While I found the article critiquing the electoral road to socialism by Kit Wainer and Mel Bienenfeld found in the in the current issue of New Politics quite interesting and informative, I also found it problematic. This is mostly because it treated issues, which to me are not immediately on the agenda, as questions that might virtually lead to a split, questions that because they are not immediately on the agenda are necessarily speculative and abstract.

To me an immediate question is whether or not people who consider themselves revolutionaries should support Bernie Sanders for President and why or why not. Wainer and Bienenfeld acknowledge that in all probability, if he were elected, Sanders would have to rule, pretty much, by decree (that is, executive order).

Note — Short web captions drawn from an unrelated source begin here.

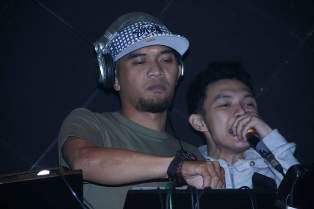 ini beneran voltage eyescream ma @yuvifaey bukan kw <a href="/yukafey/">Yukafaey</a> .. Nya teu <a href="/ryanjulian_/">RJ</a> @ANGGA_RESTAVIA. @yochi_volturi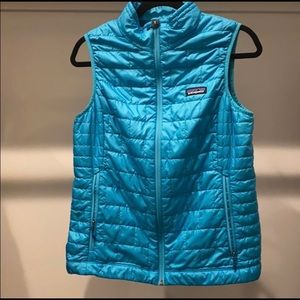 Women’s medium patagonia nanopuff vest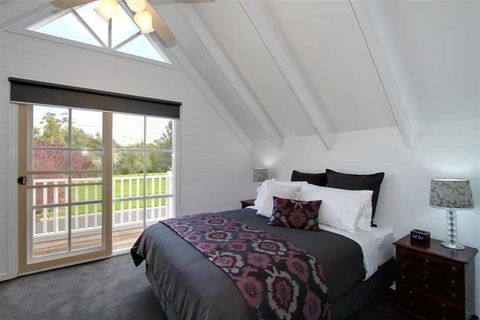 Creek Cottage Bed & Breakfast - New Castle Holiday 0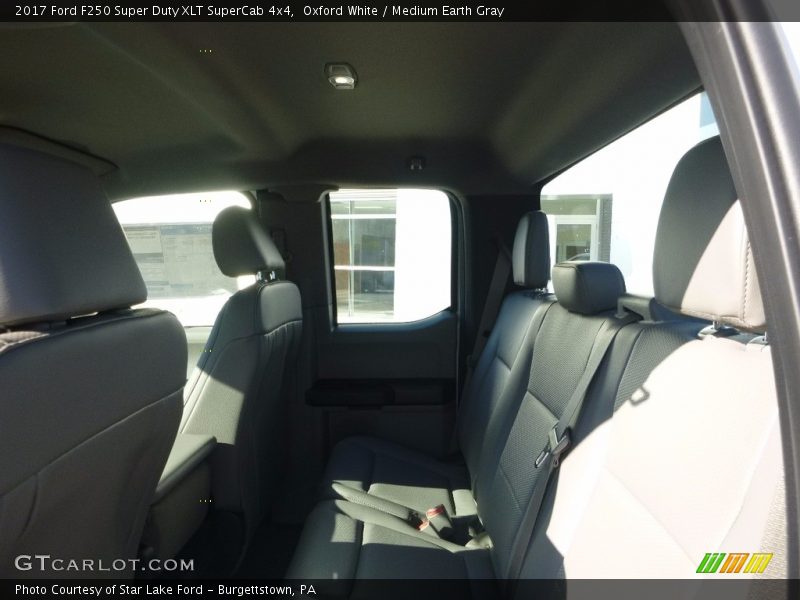 Oxford White / Medium Earth Gray 2017 Ford F250 Super Duty XLT SuperCab 4x4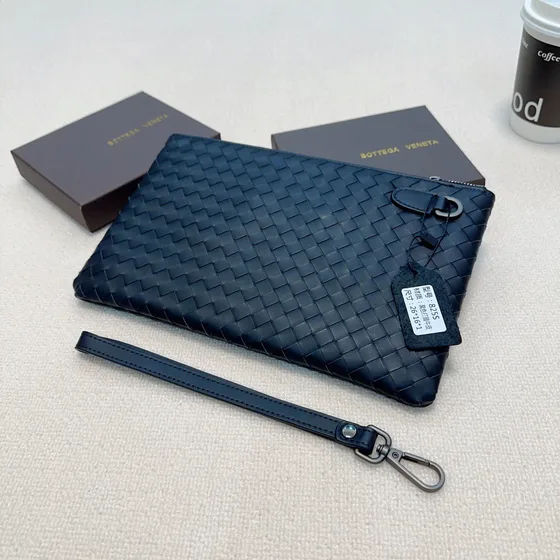 Bottega Veneta Intrecciato Document Case Dark Blau Clutch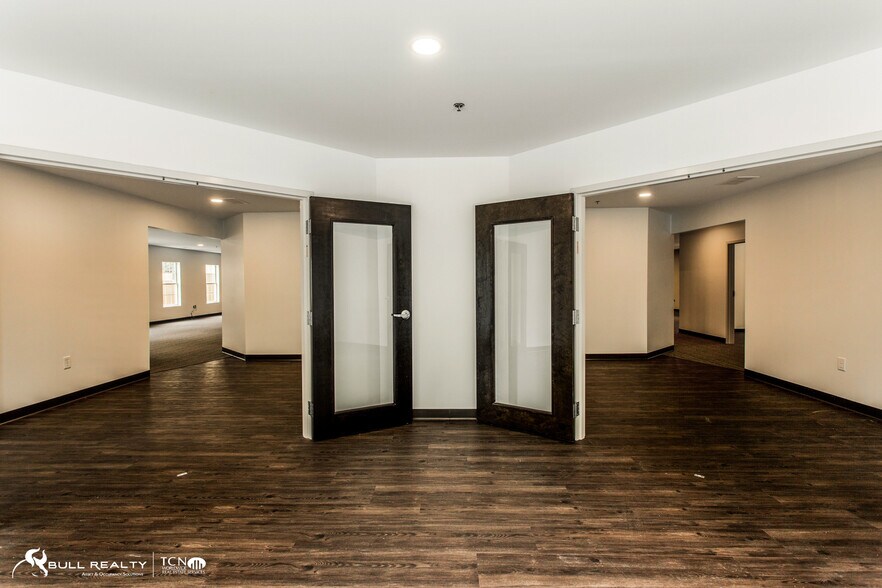 More Photos Of 1230 Upper Hembree Rd, Roswell Loft Creative Space For Lease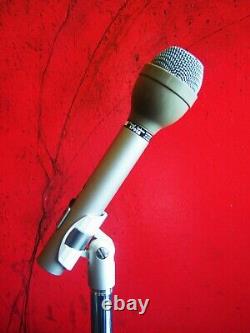 Microphone dynamique Shure 579SB vintage des années 1980 avec accessoires 540 575 533SA de basse impédance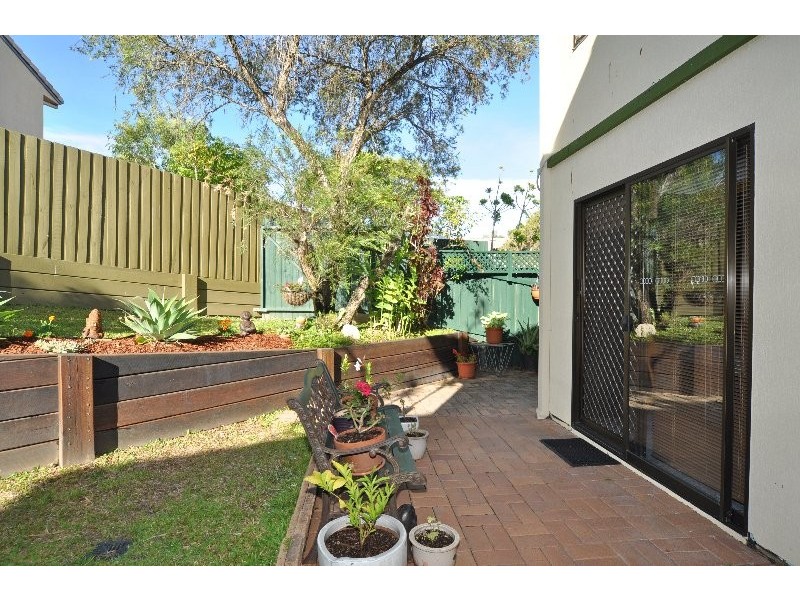 20/71 Olsen Avenue, Labrador QLD 4215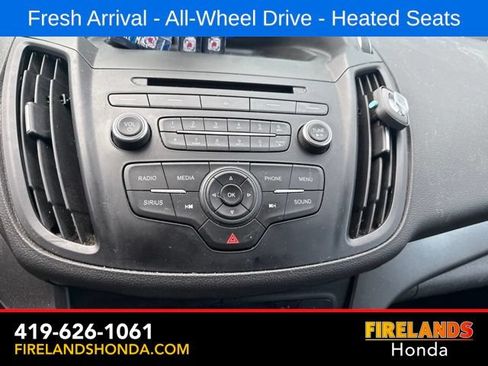 Used 2017 Ford Escape SE w/ SE Cold Weather Package AWD/4WD image 14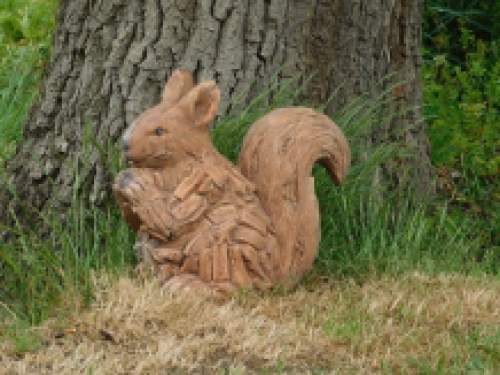 Eichhötnschen XL - Holzoptik - Polystone - wetterfest.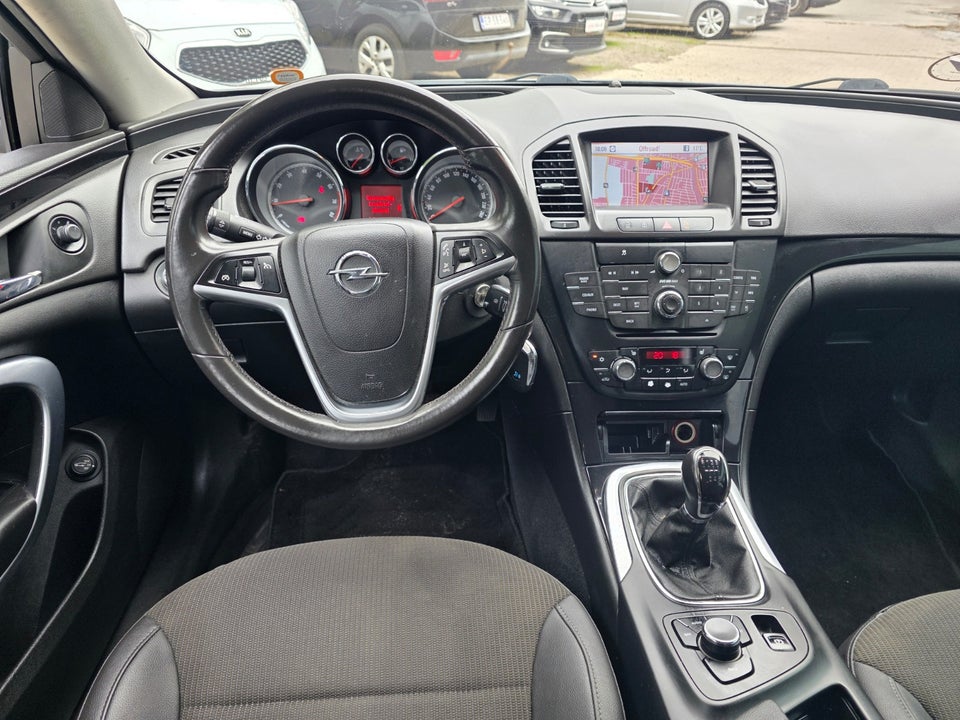 Opel Insignia 1,8 Cosmo Sports Tourer 5d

Sanders himself acknowledges this in a back handed way When asked how he could get any of his programs through in the face of a hostile Congress. But he also tips his hat to exactly the perspective Wainer and Bienenfeld are talking about in his most fundamental slogan, “Not Me, Us.” Granted, many of his most enthusiastic supporters don’t really get this and tend to see him as something of a savior, despite his sincere protestations to the contrary.

Besides their absence of any concrete advice regarding what we should all do now, what I find problematic in their review is its level of abstraction. Not that they don’t give loads of concrete examples, but for me they don’t seem to have much to do with what is actually going on in the United States, especially now. The closest thing we have to workers’ councils are the decrepit and moribund county labor councils or perhaps the episodic mass teachers strikes. Impressive, absolutely, but getting from there to revolution isn’t exactly self evident.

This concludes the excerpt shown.